« Quartier des banques » : sur quatre axes

 Avant même de voir le premier épisode, un point très positif a déjà été mis en valeur : on quitte l’ambition cantonale du Tour de Romandie pour s’ouvrir à la co-production avec la RTBF. ( cf « Quartier des banques ? Mérite d’être vu ! » en ligne depuis le 12.11.17).

« Quartier des banques » est majoritairement suisse. La réciproque conduira certainement à une série majoritairement belge avec participation suisse romande minoritaire. La RTBF a tout de même un peu d’avance sur la RTS, aussi bien en quantité qu’en qualité : il suffit de rappeler l’existence de récentes séries belges comme « Beau Séjour », « La trève » ( saison 2 en cours de tournage), « L’ennemi public » ( saison 2 aussi en projet) pour s’en convaincre. Elles sont appréciées dans plusieurs pays, mais ce n’est pas sur la RTS, sauf erreur, que nous les avons rencontrées.

Pour mémoire, « L’ennemi public » : Chloé Muller (Stéphanie Blanchoud), enquêtrice efficace au passé mystérieux (Photo RTBF)

Les considérations qui suivent reposent sur une vision des trois premiers épisodes sur ordinateur personnel et d’une vision partielle lors du passage à l’antenne de deux premiers épisodes le jeudi 16 novembre 2017.

La série s’engage donc sur quatre axes :

1/ une saga familiale, celle des Grangier sur trois générations, enfants compris

La « Reine-mére » chez les Grangier ( Brigitte Fossey – photos RTS)

2/ une enquête d’esprit policier conduite surtout par Elisabeth qui ne croit ni à l’accident, ni à la tentative de suicide de son frère encore à l’hôpital dans le coma

3/ le fonctionnement d’une banque privée avec les flux d’argent qui vont et viennent, en particulier ceux d’une inquiétante cliente russe qui porte sur un bon nombre de millions

4/ les conséquences de la fin du secret bancaire sous la pression américaine, puisque nous sommes en 2012.

Le titre, « Quartier des banques », ne donne guère d’idée de ces quatre axes.

Sur chaque axe, on pourrait ou il faudrait s’interroger sur l’écriture, le jeu des acteurs et leur présence, sur la mise en scène qui se termine au montage pour finaliser l’organisation du récit.

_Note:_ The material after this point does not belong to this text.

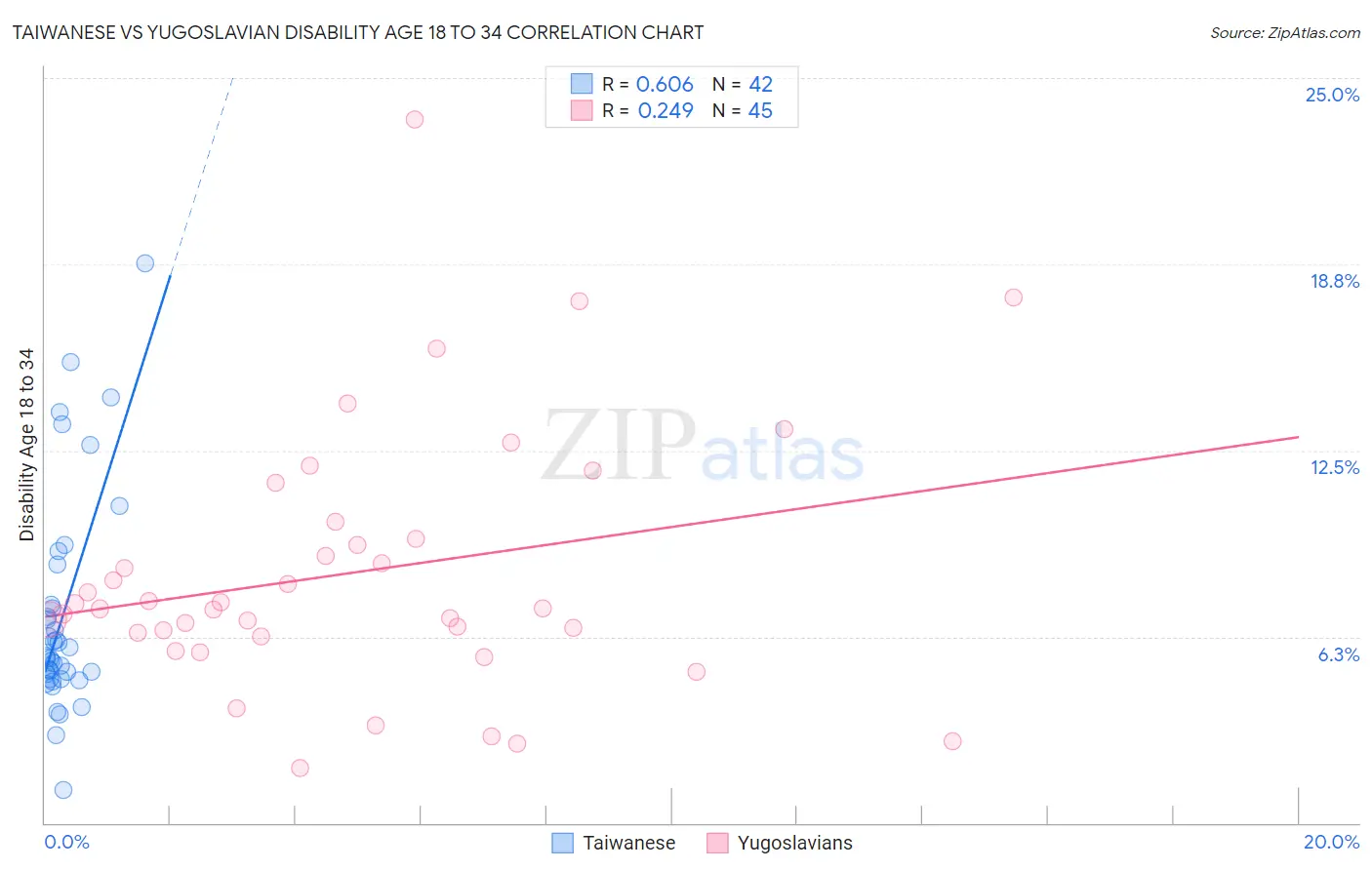 Taiwanese vs Yugoslavian Disability Age 18 to 34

Mais peut-être est-ce s’imposer un trop complet chemin d’approche.

Laura Sépul (Elisabeth Grangier) et Féodor Atkine (Maître Bartholdy) : personnages forts interprétés par d’excellents acteurs…

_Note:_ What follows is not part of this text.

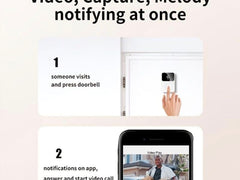 Smart Video zvono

Tout réside donc dans le poids de chacun des axes. Force est tout de même de constater, probablement dès l’écriture, que la saga familiale et l’enquête « policière » occupent plus de place, d’une manière assez lisible en général , que les flux d’argent et la disparition du secret bancaire. En même temps, les scènes « familiales » sont mieux conduites que les celles d’actions.

Détour par Berne

Une partie relative au secret bancaire est traitée au niveau fédéral, en particulier par des déplacements à Berne. La séquence de la rencontre avec une conseillère fédérale est assez peu crédible. On avait vu un « vrai » conseiller fédéral dans l’introduction, y compris alors qu’il faisait une déclaration. Fausse piste : difficile de penser même un peu à Mme Widmer-Schlumpff. Séquence peu crédible !

C’est évidemment se prononcer sur un choix fait déjà dans la phase d’écriture en regrettant que le secret bancaire et les flux financiers soient tout de même assez peu abordés alors que la saga familiale et l’enquête « policière » sont assez longuement traités et fort bien conduits. On en sait plus ainsi sur la famille et l’enquête que sur le fonctionnement d’une banque et la fin d’un secret qui aura fait le bonheur financier de « la » banque suisse.

Cette remarque qui reflète un regret personnel porte probablement sur des options faites au moment déjà de l’écriture.